A word-for-word copy is needed of the line containing "1980-81 Panini Football" and every line after it through the end of the records below, leaving out all pictures.

[Start of section]

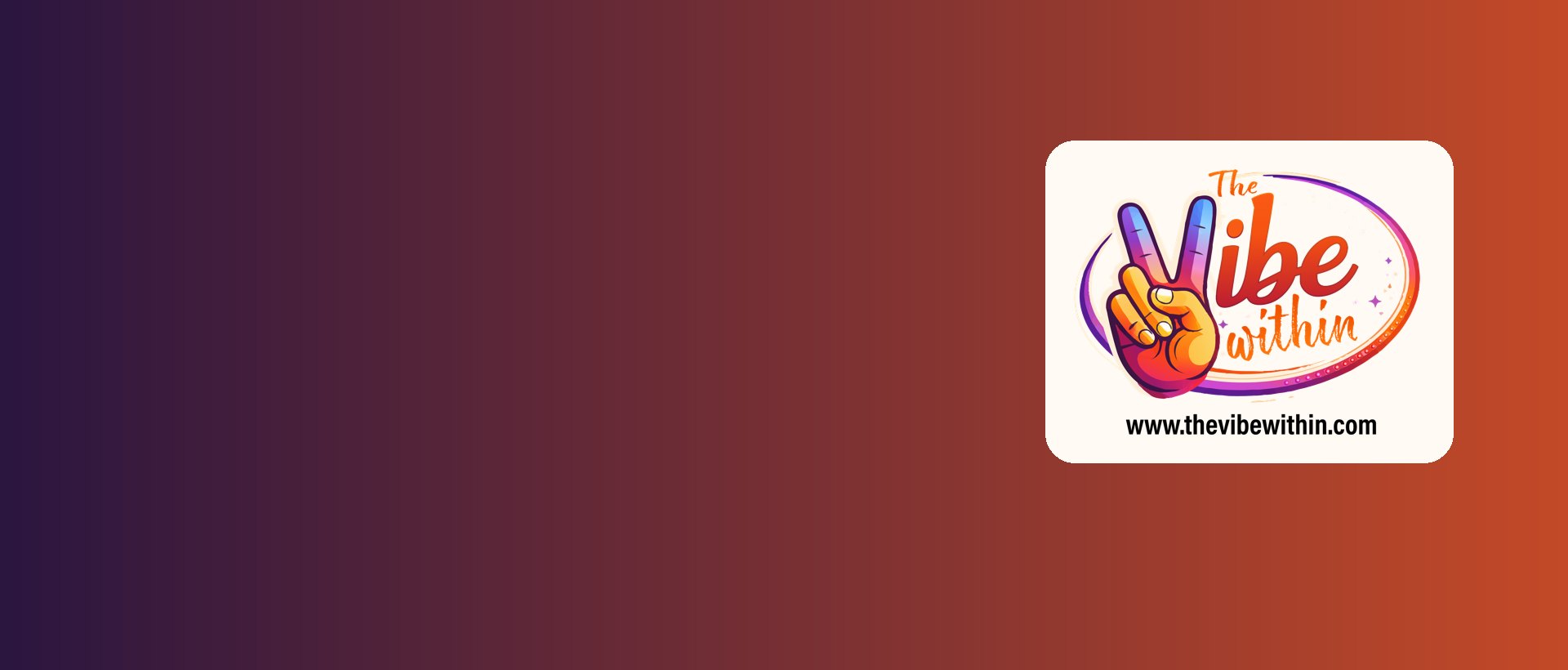 The Vibe Within logo, red light therapy and laser lipo in Prescott, AZ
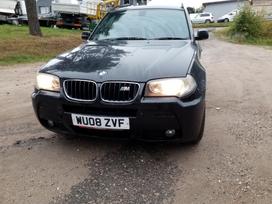 BMW X3 37065010307 variklio kodas 204d4 spalvos kodas 475 9 black s
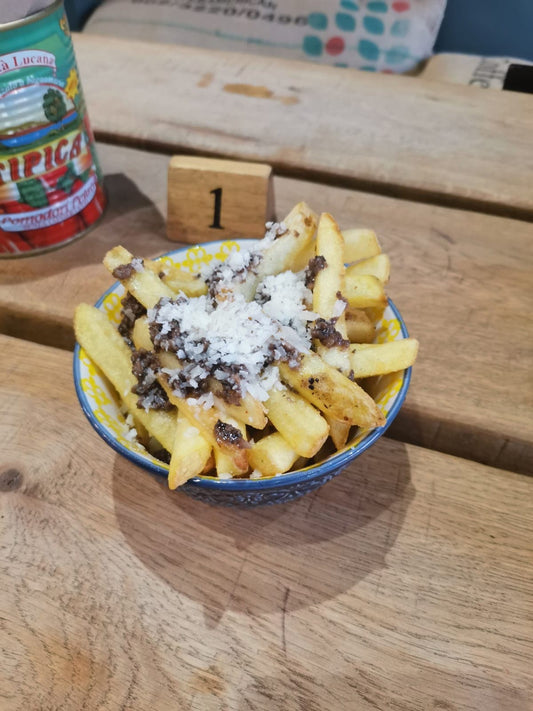 Parmesan Truffle Fries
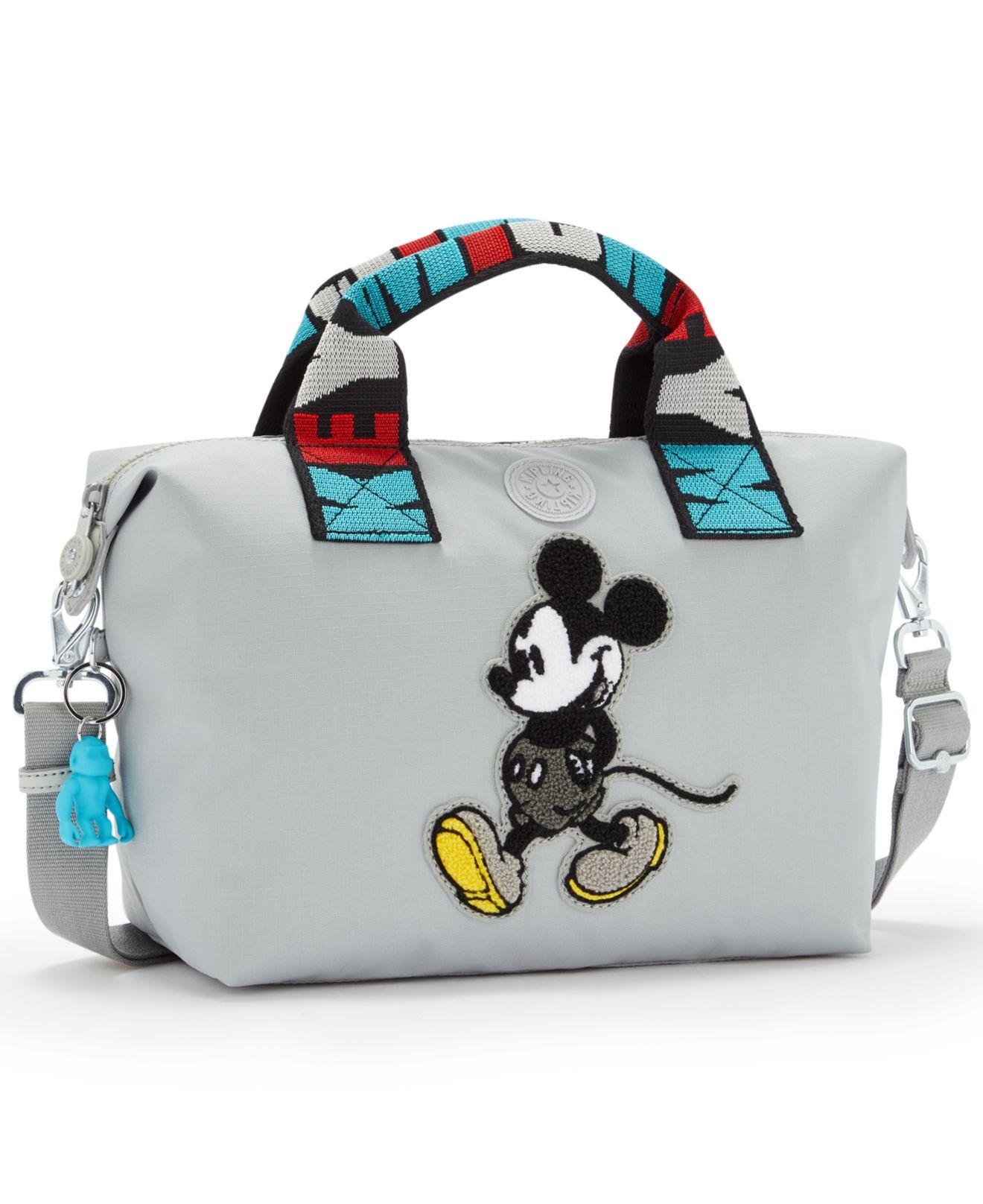 Kipling Synthetic Disney's Mickey Mouse Kala Mini Handbag - Lyst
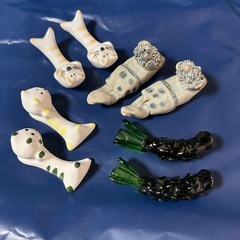 箸置き　7種　18個　
の画像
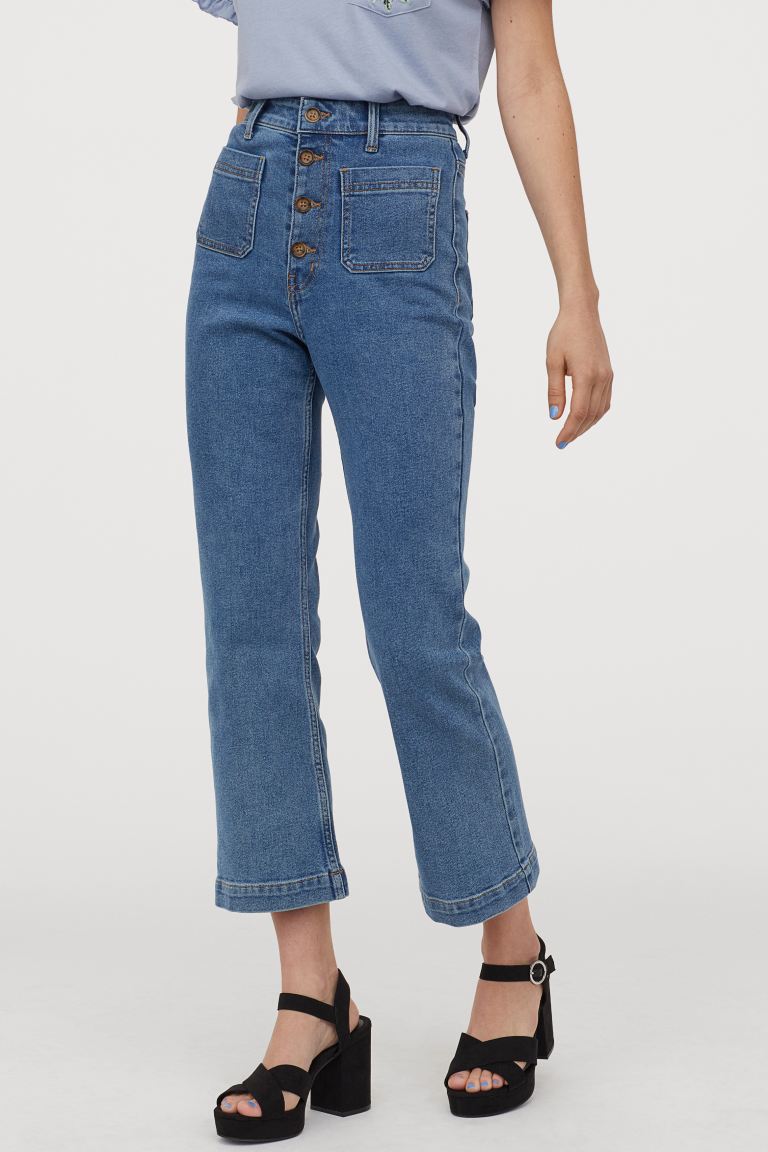 Career Italian reader The 12 Best High-Waisted Boot-Cut Jeans | Who What Wear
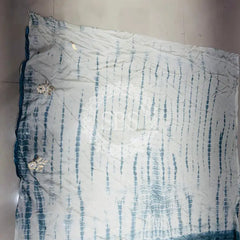 CHINON SHIBORI HANDWORK GOTA PATTI LEHENGA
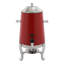 Distributeur de thé à boisson chaude en acier inoxydable 3,4 gallons avec support et support à carburant-2008795288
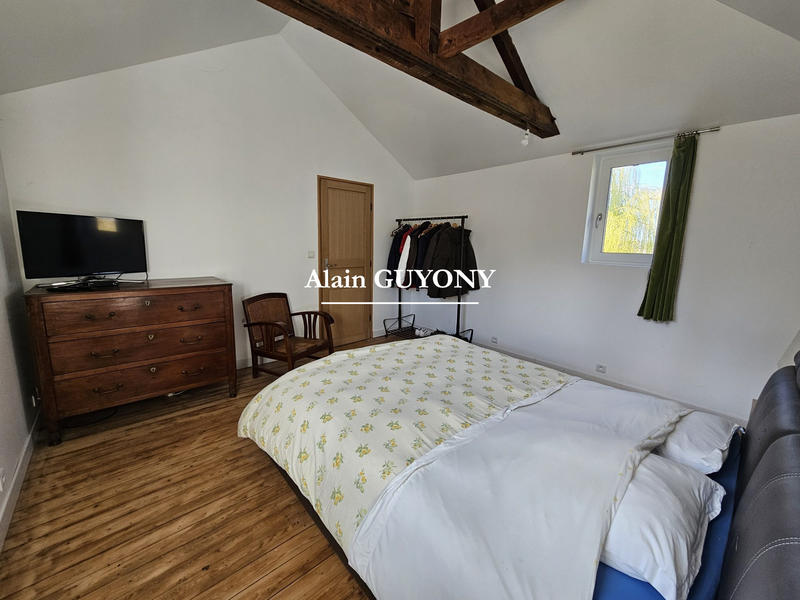 Maison ancienne - 105 m² - 4 pièces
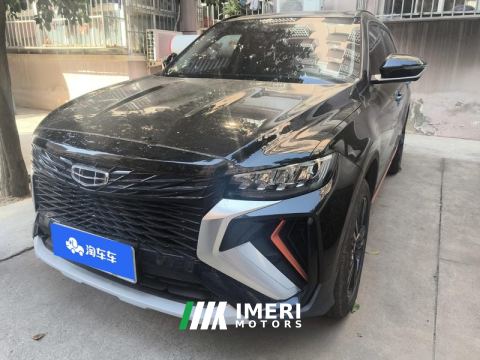 2022 Geely Boyue X 1.8TD 2WD Version - автомобиль из Китая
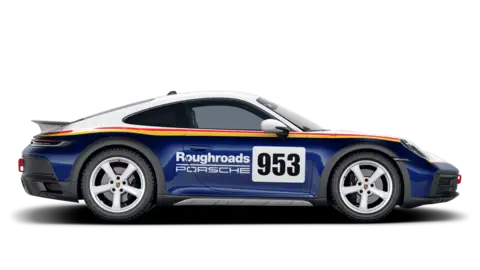 2024 Porsche 911 Dakar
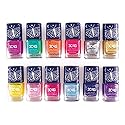 Celestial 12-Pack Nail Polish Tower for Girls & Teens - 12 Vibrant, Non-Toxic Colors - Safe & Fun Nail Polish Set for Kids Ages 8+ Perfect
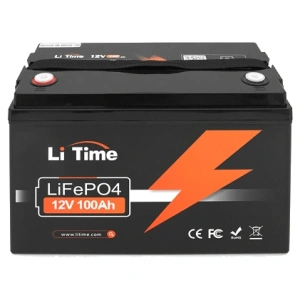 Li-TIME 12.8В 100А•год 100А Літієва акумуляторна батарея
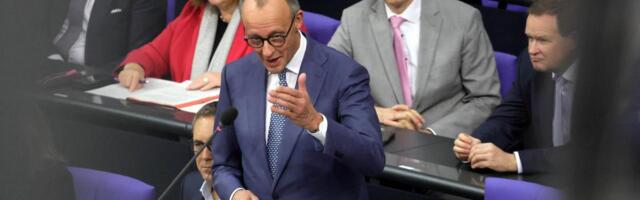 EU DONOSI ODLUKU O RUSIJI, MERC KAŽE - ŠANSE "FIFTI-FIFTI"! Nemački kancelar se pred ključni samit Unije o zamrznutoj imovini Moskve obratio Bundestagu (FOTO)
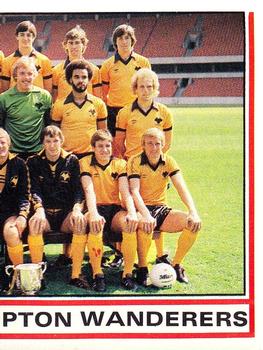 1980-81 Panini Football (UK) #341 Team Photo Front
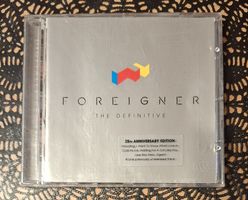 Foreigner - The Definive, USA Hardrock CD Album 2002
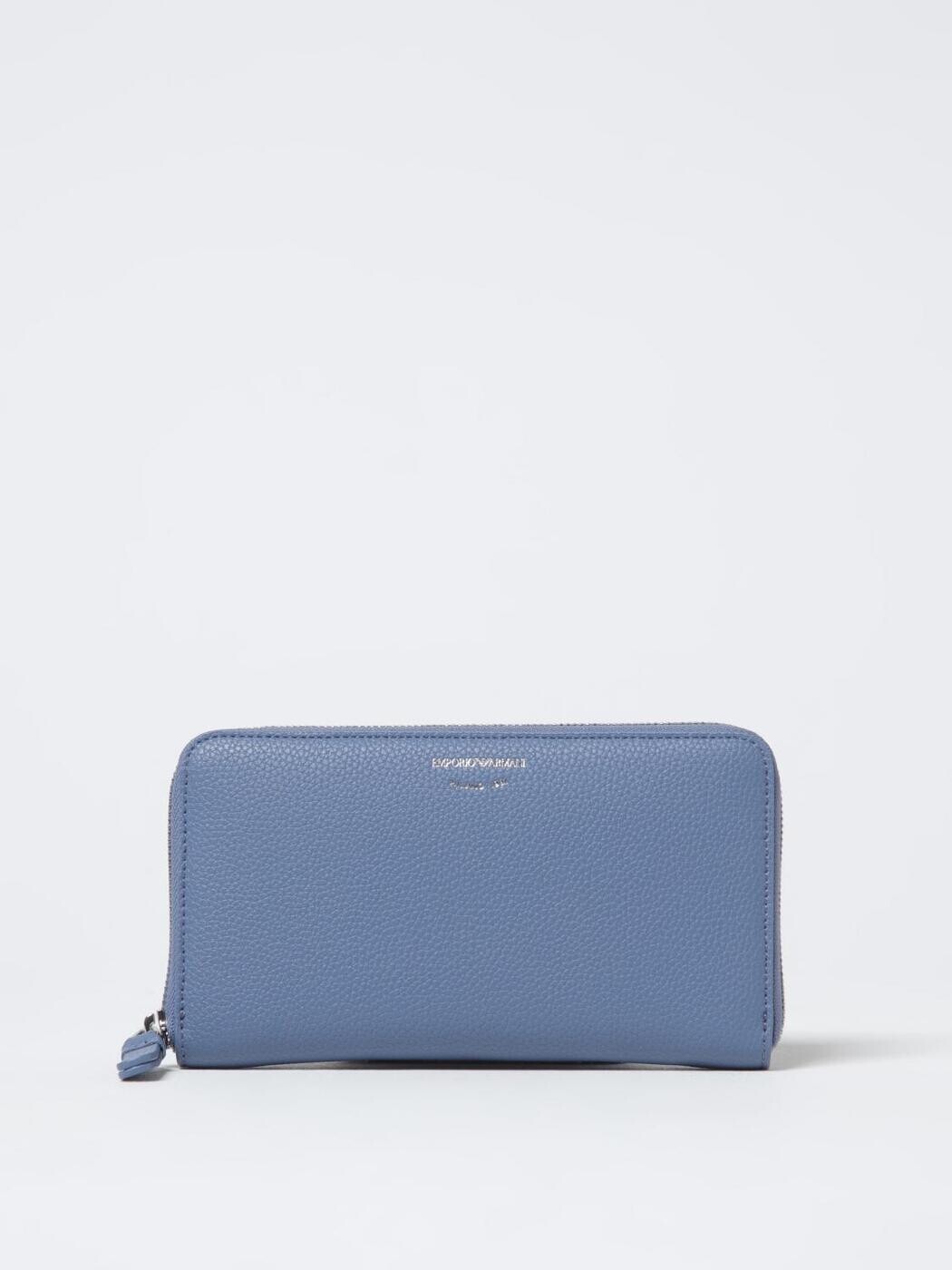 エン急性灰白髄炎 アルマーニ EMPORIO ARMANI 歌留多保持者 紙入れ レディース Wallets and Card Holders EW000366AF11953 Charcoal 関税 貨物輸送無料 2025SS gi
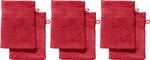 Waschhandschuh 6er-Pack 166397 Rot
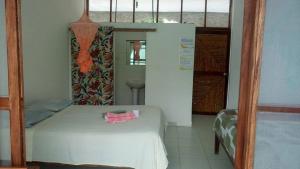 Lobo Hostel - Rurrenabaque客房内的一张或多张床位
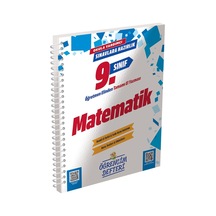 9.sınıf Matematik Öğrencim Defteri Murat Eğitim Yayınları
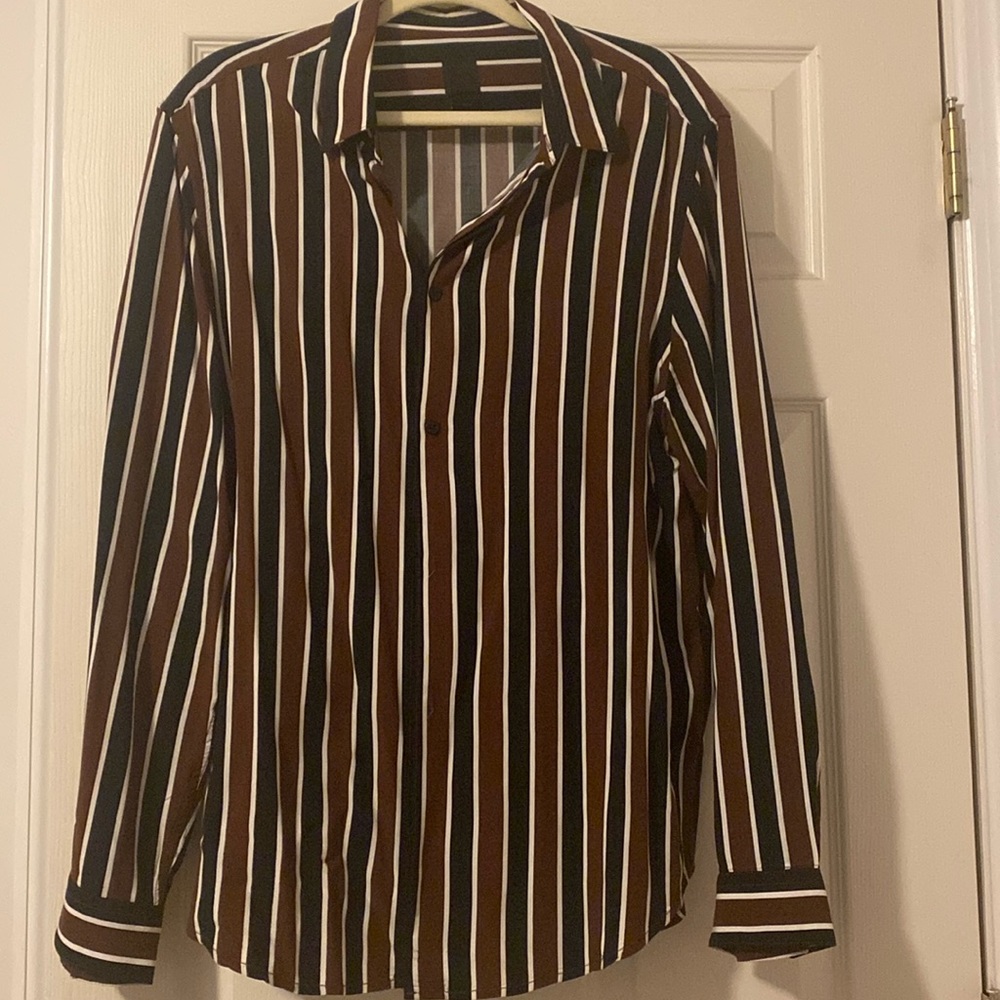 XL Long Sleeve Buttoned H&M Shirt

[End of section]

The answer:
 1980-81 Panini Football (UK) #341 Team Photo Front
 Foreigner - The Definive, USA Hardrock CD Album 2002
 エン急性灰白髄炎 アルマーニ EMPORIO ARMANI 歌留多保持者 紙入れ レディース Wallets and Card Holders EW000366AF11953 Charcoal 関税 貨物輸送無料 2025SS gi
 Waschhandschuh 6er-Pack 166397 Rot
 Lobo Hostel - Rurrenabaque客房内的一张或多张床位
 9.sınıf Matematik Öğrencim Defteri Murat Eğitim Yayınları
 XL Long Sleeve Buttoned H&M Shirt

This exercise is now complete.